1.Machine code properties

• x86-64 instructions can range in length from 1 to 15 bytes, it isn't fixed.

• The instruction format is designed to insure that there's a unique decoding of the bytes into machine instructions. For example, only pushq %rbx can start with 53(can be analogied with opcode in RISC-V).

• The disassembler determines the assembly code based purely on the byte sequences in the machine-code file.

2.Registers

• When we present instructions copying and generating 1-, 2-, 4-, 8-byte values, we follow the two conventions:

  • Those that generate 1- or 2-byte quantities leave the remaining bytes unchanged.

  • Those that generate 4-byte quantities set the upper 4 bytes of the register to zero.

• A function returns a value by storing it in register %rax, or in one of the low-order portions of this register.

3.Operand specifiers

  There are three types of operand possibilities:

• Immediate: It refers to constant value.

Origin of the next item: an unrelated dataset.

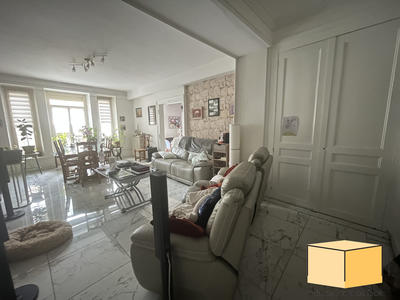 Appartement - 120 m² - 3 pièces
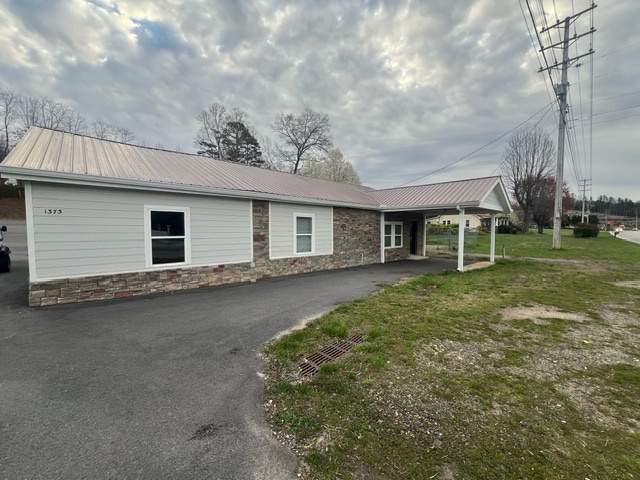 Primary Photo Of 1373 HWY 76, Hiawassee Auto Dealership For Sale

In ATT format assembly code, it is written with a $ along with an integer.

• Register: It denotes the content of a register. We use the notation \(r_a\) to denote a register \(a\) and indicate its value with \(R{[r_{a}]}\).

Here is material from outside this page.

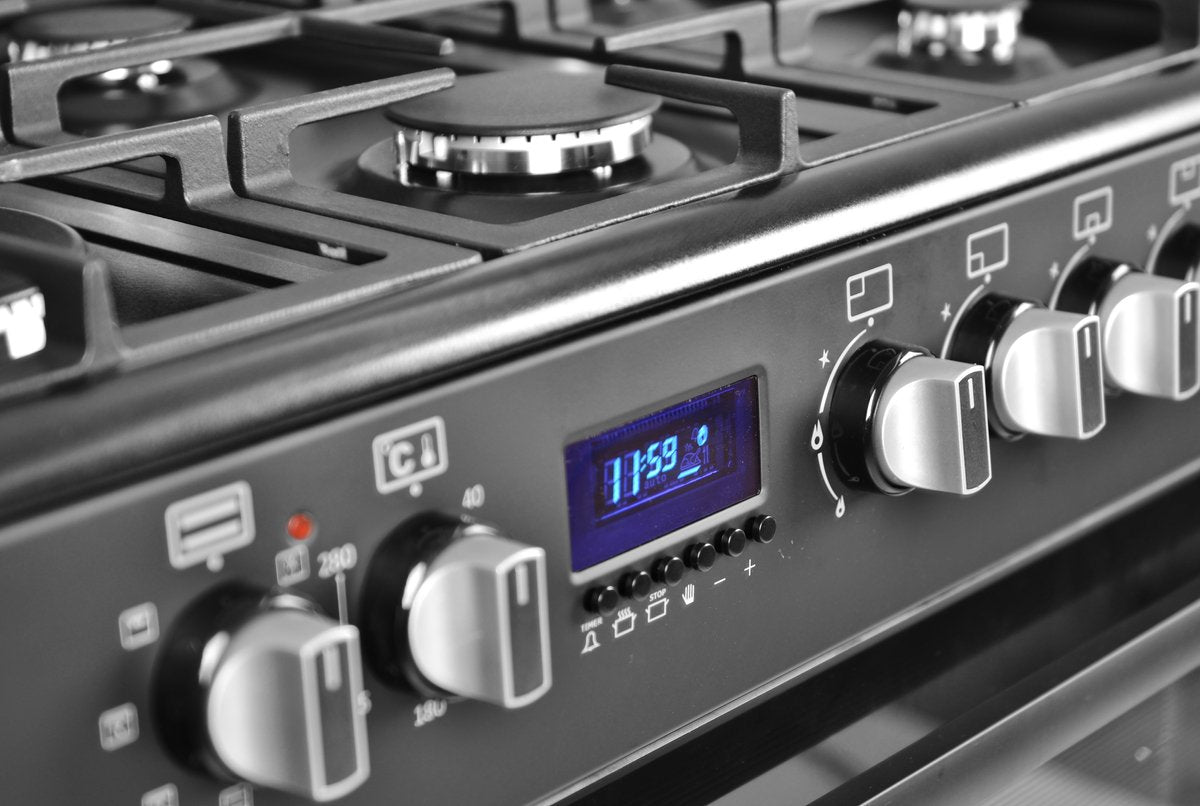 Wiggo WO‑E969R(BB) – Vrijstaand gasfornuis – 90 cm – 6 kookzones met dubbele wokbrander – 110L elektrische oven – Zwart – Elektrische vonkontsteking & vlambeveiliging – Ener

• Memory: The most general form of it is \(Imm({r_b},{r_i},s)\), which is computed as \(Imm+R[{r_b}]+R[{r_s}] \cdot s\).

  • \(Imm\) is the immediate offset, \(r_b\) is the base register, \(r_i\) is the index register.

  \(e.g.\)

4.Data Movement Instructions

  \(a.\)Simple data movement instructions

• The source operand designates a value that is immediate, stored in a register, or stored in memory.

• The destination operand designates a location that is either a register or a memory address.

• The value is first passed from source to a register, then from the register to the destination.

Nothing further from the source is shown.